0

Suppose I have the following csv data:

first_name,last_name
tom,hanks
tom,cruise

I would like to convert this data as follows:

data = {
    'first_name': ['tom','tom'],
    'last_name': ['hanks', 'cruise']
}

What would be the best way to do the above (not using a library such as pandas, numpy, or csv).

pault
  • 41,343
  • 15
  • 107
  • 149
David542
  • 104,438
  • 178
  • 489
  • 842
  • 1
    Can you use the `csv` module? – pault Dec 17 '18 at 20:32
  • 2
    csv module dict reader + defaultdicts are the way to go. – alkasm Dec 17 '18 at 20:33
  • @AlexanderReynolds yea I'd agree but I'm looking to implement a pure python solution as the data may not be an actual valid csv. – David542 Dec 17 '18 at 20:34
  • 2
    I mean those are pure python, they're standard library. Still, if you don't want to use the `csv` module, you can parse each line with a `line.split(',')` to split on commas, and then append each value in the split list to the corresponding list in the dictionary. – alkasm Dec 17 '18 at 20:36
  • @timgeb no I'm just saying a solution without using the csv module. – David542 Dec 17 '18 at 20:38
  • Why, **why** can't you use the csv module? And what exactly is the issue you are encountering when you attempt to do this? – juanpa.arrivillaga Dec 17 '18 at 20:40

2 Answers2

6

Personally, I'd go with pandas or csv but this is fairly easy to implement without any imports:

header = None
data = {}
for line in myfile:
    lstrip = line.strip().split(",")
    if not header:
        header = lstrip
        data = {k: [] for k in header}
    else:
        for i, value in enumerate(lstrip):
            data[header[i]].append(value)

print(data)
#{'first_name': ['tom', 'tom'], 'last_name': ['hanks', 'cruise']}
pault
  • 41,343
  • 15
  • 107
  • 149
2

Faking your file:

>>> from io import StringIO                                                                                            
>>> file = StringIO('''first_name,last_name 
...: tom,hanks 
...: tom,cruise''')

Creating the dict:

>>> data = [(k, []) for k in next(file).strip().split(',')]                                                            
>>> for line in file: 
...:     for i, field in enumerate(line.strip().split(',')): 
...:         data[i][1].append(field) 
...:                                                                                                                   
>>> data = dict(data)                                                                                                  
>>> data                                                                                                               
{'first_name': ['tom', 'tom'], 'last_name': ['hanks', 'cruise']}

This is more of a programming exercise than a solution you should use in the real world. It's not robust at all and will fail for all kinds of common cases, such as having quoted fields containing commas in the csv file.

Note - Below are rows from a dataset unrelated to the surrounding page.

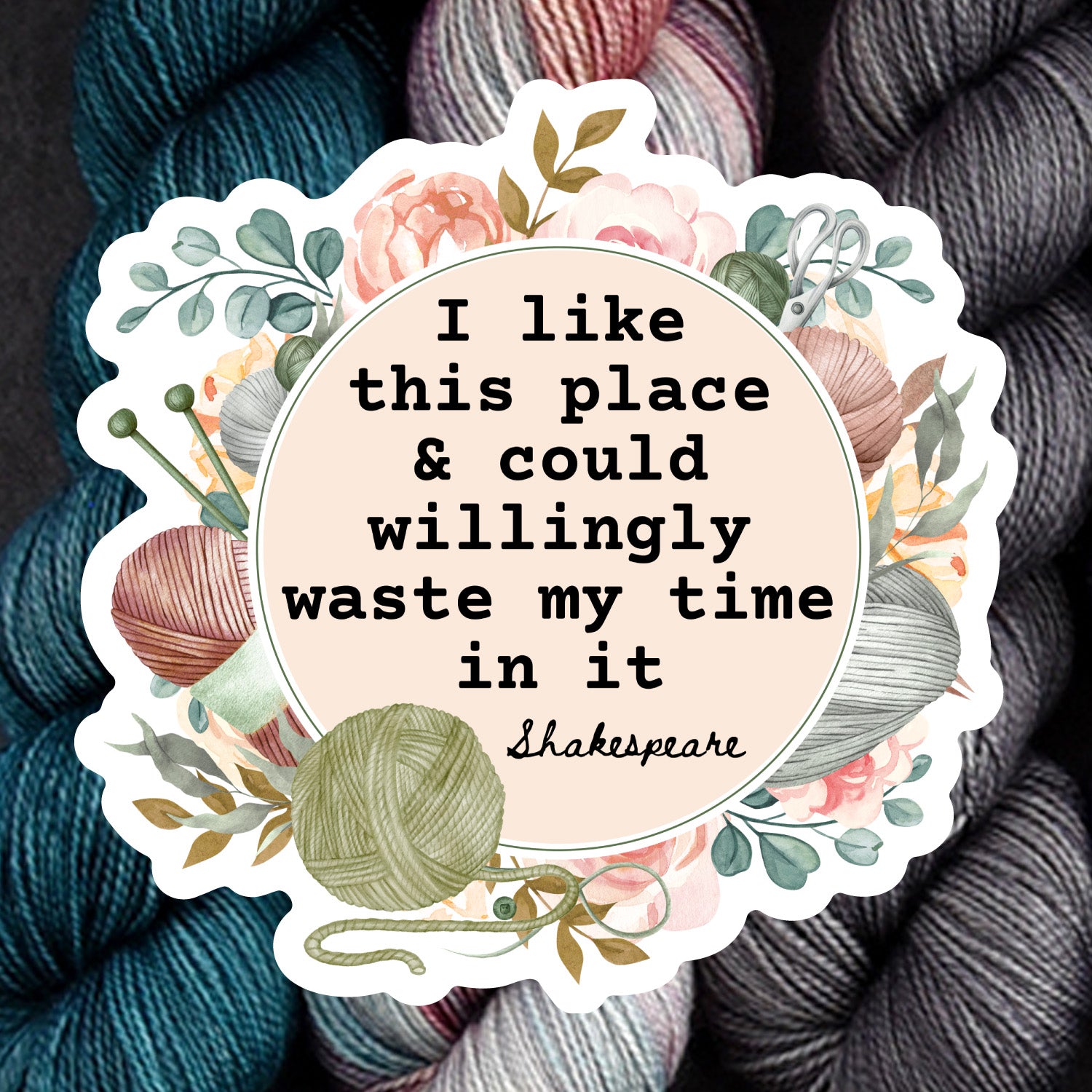 Destination Yarn Sticker I Like this Place - Shakespeare Sticker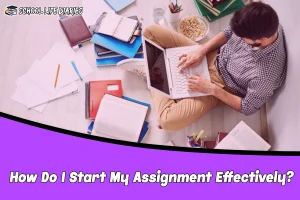 How Do I Start My Assignment Effectively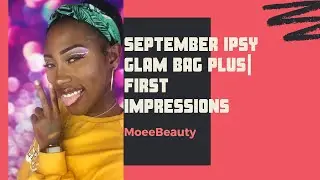 September Ipsy Glam Bag Plus| First Impressions| MoeeBeauty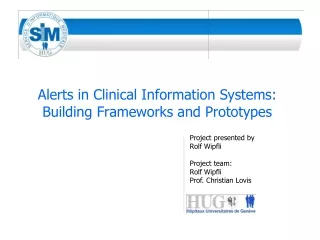 Alerts in Clinical Information Systems: Building Frameworks and Prototypes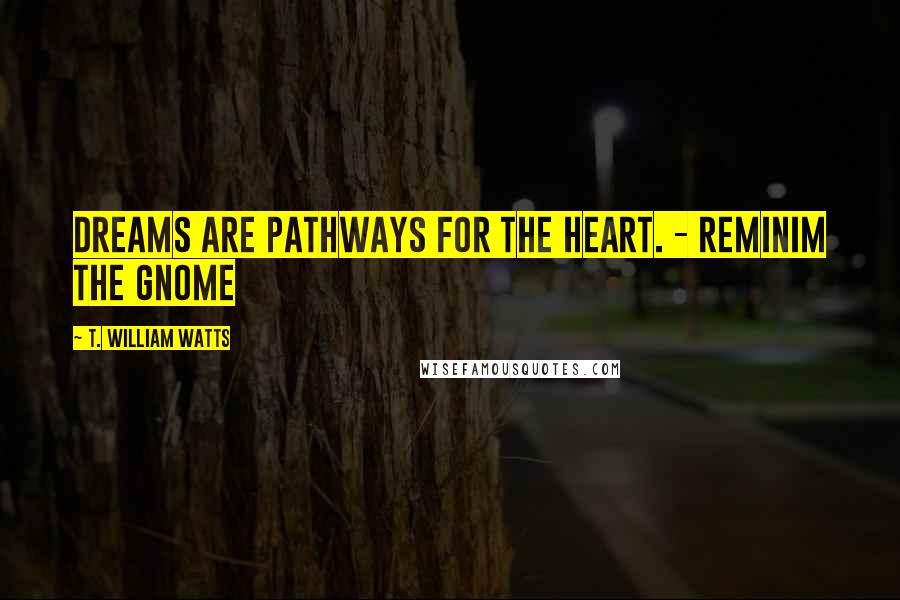 T. William Watts Quotes: Dreams are pathways for the heart. - Reminim the gnome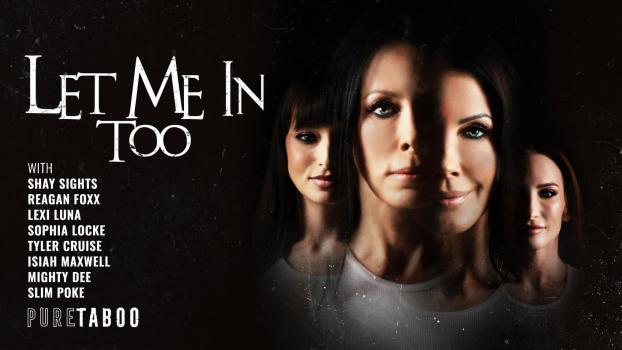 [PureTaboo] Reagan Foxx, Lexi Luna, Shay Sights, Sophia Locke (Let Me in Too / 07.01.2025)
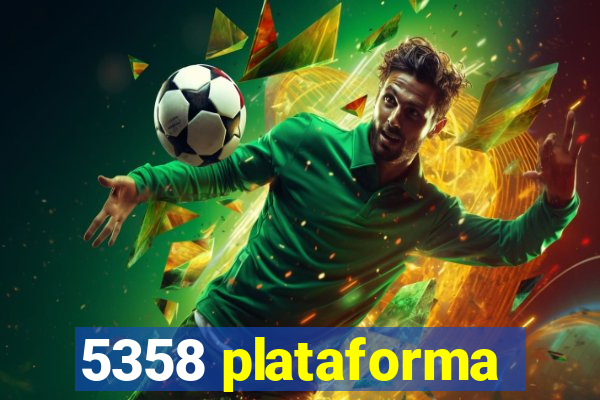 5358 plataforma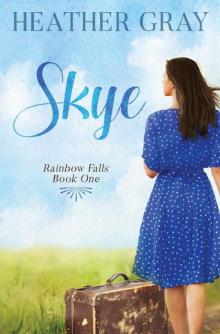 Skye (Rainbow Falls Book 1) Read online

With csv, for other readers:

>>> import csv                                                                                                         
>>> reader = csv.reader(file) # assume fresh StringIO instance
>>> dict(zip(next(reader), zip(*reader)))                                                                              
{'first_name': ('tom', 'tom'), 'last_name': ('hanks', 'cruise')}

(Use dict(zip(next(reader), map(list, zip(*reader)))) if having lists as values is important.)

timgeb
  • 76,762
  • 20
  • 123
  • 145